§ **Exercise details**: Write out, word for word and with no pictures, each line below from the one containing "We now have" through the one containing "All right, here", both included, and no other line.

§ **Records supplied**:
* * * *
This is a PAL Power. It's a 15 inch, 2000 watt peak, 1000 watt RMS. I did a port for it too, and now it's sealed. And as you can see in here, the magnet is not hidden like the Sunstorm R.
* * * *
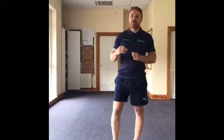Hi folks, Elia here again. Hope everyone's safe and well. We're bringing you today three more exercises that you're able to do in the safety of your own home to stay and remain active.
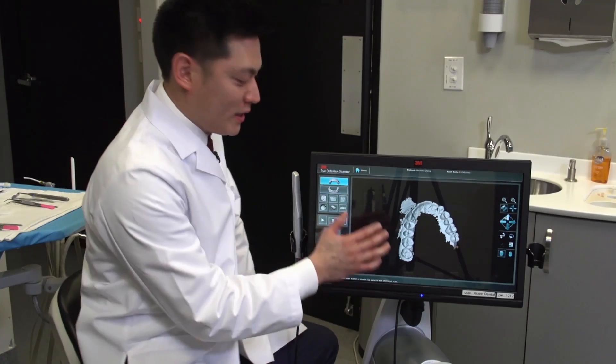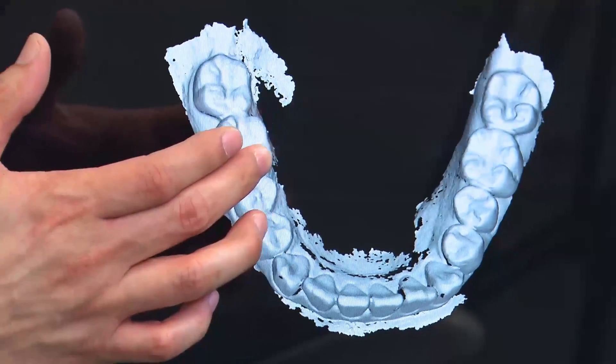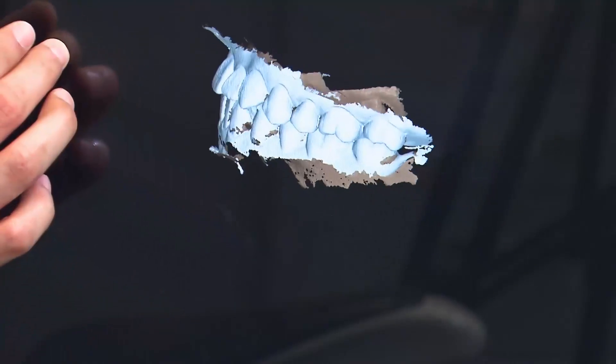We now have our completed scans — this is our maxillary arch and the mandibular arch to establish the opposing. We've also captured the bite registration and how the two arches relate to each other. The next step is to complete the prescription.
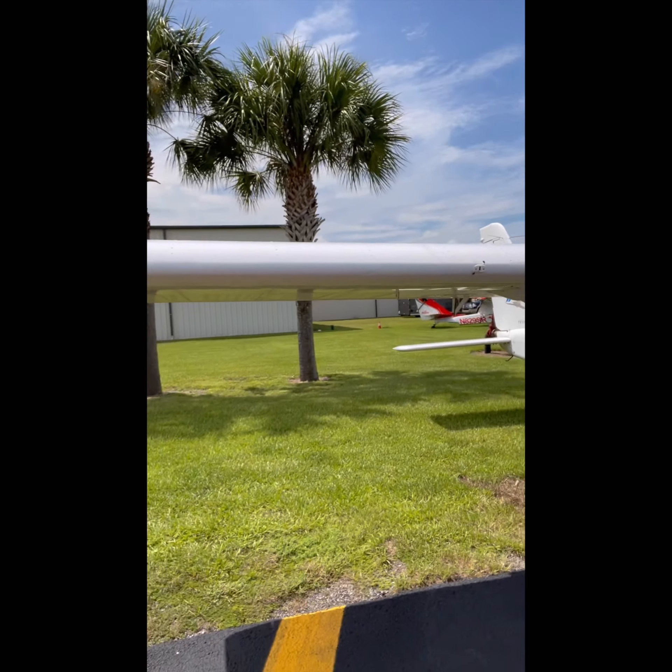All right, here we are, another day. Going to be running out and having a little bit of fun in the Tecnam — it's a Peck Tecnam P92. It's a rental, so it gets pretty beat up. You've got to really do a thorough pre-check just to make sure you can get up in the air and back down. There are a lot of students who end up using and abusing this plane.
* * * *
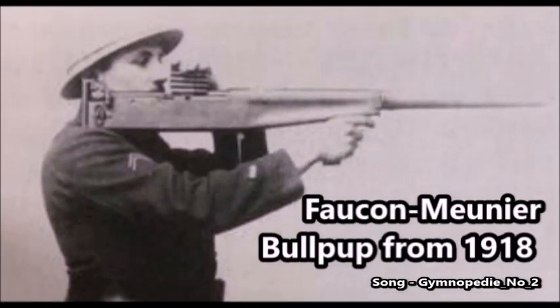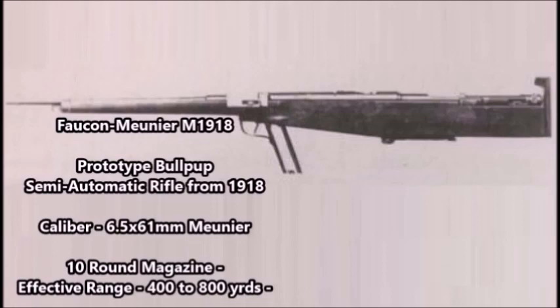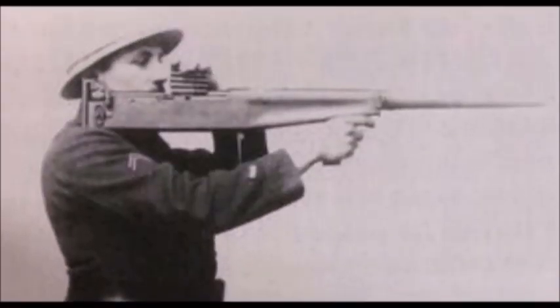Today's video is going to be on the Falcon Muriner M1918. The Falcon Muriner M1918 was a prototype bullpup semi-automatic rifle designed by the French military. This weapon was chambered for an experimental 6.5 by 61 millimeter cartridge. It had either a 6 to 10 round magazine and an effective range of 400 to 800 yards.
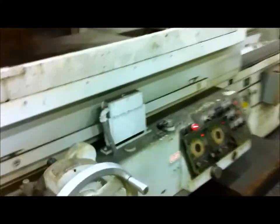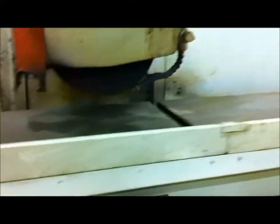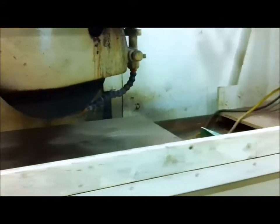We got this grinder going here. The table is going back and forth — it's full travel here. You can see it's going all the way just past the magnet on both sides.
* * * *
§ **Exercise response**:
We now have our completed scans — this is our maxillary arch and the mandibular arch to establish the opposing. We've also captured the bite registration and how the two arches relate to each other. The next step is to complete the prescription.
All right, here we are, another day. Going to be running out and having a little bit of fun in the Tecnam — it's a Peck Tecnam P92. It's a rental, so it gets pretty beat up. You've got to really do a thorough pre-check just to make sure you can get up in the air and back down. There are a lot of students who end up using and abusing this plane.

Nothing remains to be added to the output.